- **WHAT IS NEEDED**: Only the lines of the data below from the one with "Wine being poured" through the one with "Worried young woman" are wanted. Repeat them exactly.

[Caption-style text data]
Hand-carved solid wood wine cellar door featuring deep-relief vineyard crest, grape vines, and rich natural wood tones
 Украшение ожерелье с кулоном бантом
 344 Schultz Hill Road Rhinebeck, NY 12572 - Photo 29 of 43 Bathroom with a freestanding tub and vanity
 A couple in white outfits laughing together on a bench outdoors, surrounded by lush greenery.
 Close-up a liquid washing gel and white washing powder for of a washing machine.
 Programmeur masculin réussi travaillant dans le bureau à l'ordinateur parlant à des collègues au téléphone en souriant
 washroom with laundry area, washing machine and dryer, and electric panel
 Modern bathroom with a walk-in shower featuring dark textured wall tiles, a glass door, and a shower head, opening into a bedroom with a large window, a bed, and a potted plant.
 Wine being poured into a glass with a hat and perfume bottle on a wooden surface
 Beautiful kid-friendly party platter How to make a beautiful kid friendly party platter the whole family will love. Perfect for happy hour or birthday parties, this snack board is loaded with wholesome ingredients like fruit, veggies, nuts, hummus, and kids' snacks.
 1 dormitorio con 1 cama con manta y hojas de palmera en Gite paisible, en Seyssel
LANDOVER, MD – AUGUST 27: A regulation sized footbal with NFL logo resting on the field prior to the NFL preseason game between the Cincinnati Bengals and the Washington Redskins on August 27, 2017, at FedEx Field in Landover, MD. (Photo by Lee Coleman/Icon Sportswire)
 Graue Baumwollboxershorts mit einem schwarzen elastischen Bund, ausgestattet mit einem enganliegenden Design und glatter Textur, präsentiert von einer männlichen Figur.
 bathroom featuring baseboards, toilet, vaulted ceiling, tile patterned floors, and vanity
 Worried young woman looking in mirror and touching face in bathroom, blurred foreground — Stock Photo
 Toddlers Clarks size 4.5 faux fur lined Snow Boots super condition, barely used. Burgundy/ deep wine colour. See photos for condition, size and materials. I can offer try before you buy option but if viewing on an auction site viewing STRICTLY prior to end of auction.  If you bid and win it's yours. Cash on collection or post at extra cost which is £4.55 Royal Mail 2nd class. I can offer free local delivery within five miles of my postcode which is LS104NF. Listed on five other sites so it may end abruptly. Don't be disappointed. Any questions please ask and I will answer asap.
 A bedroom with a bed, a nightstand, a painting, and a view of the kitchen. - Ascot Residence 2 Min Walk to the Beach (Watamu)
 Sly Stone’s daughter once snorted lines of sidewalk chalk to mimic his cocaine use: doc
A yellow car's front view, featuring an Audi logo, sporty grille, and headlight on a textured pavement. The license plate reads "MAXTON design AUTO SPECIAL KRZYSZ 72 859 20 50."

- **SOLUTION**:
 Wine being poured into a glass with a hat and perfume bottle on a wooden surface
 Beautiful kid-friendly party platter How to make a beautiful kid friendly party platter the whole family will love. Perfect for happy hour or birthday parties, this snack board is loaded with wholesome ingredients like fruit, veggies, nuts, hummus, and kids' snacks.
 1 dormitorio con 1 cama con manta y hojas de palmera en Gite paisible, en Seyssel
LANDOVER, MD – AUGUST 27: A regulation sized footbal with NFL logo resting on the field prior to the NFL preseason game between the Cincinnati Bengals and the Washington Redskins on August 27, 2017, at FedEx Field in Landover, MD. (Photo by Lee Coleman/Icon Sportswire)
 Graue Baumwollboxershorts mit einem schwarzen elastischen Bund, ausgestattet mit einem enganliegenden Design und glatter Textur, präsentiert von einer männlichen Figur.
 bathroom featuring baseboards, toilet, vaulted ceiling, tile patterned floors, and vanity
 Worried young woman looking in mirror and touching face in bathroom, blurred foreground — Stock Photo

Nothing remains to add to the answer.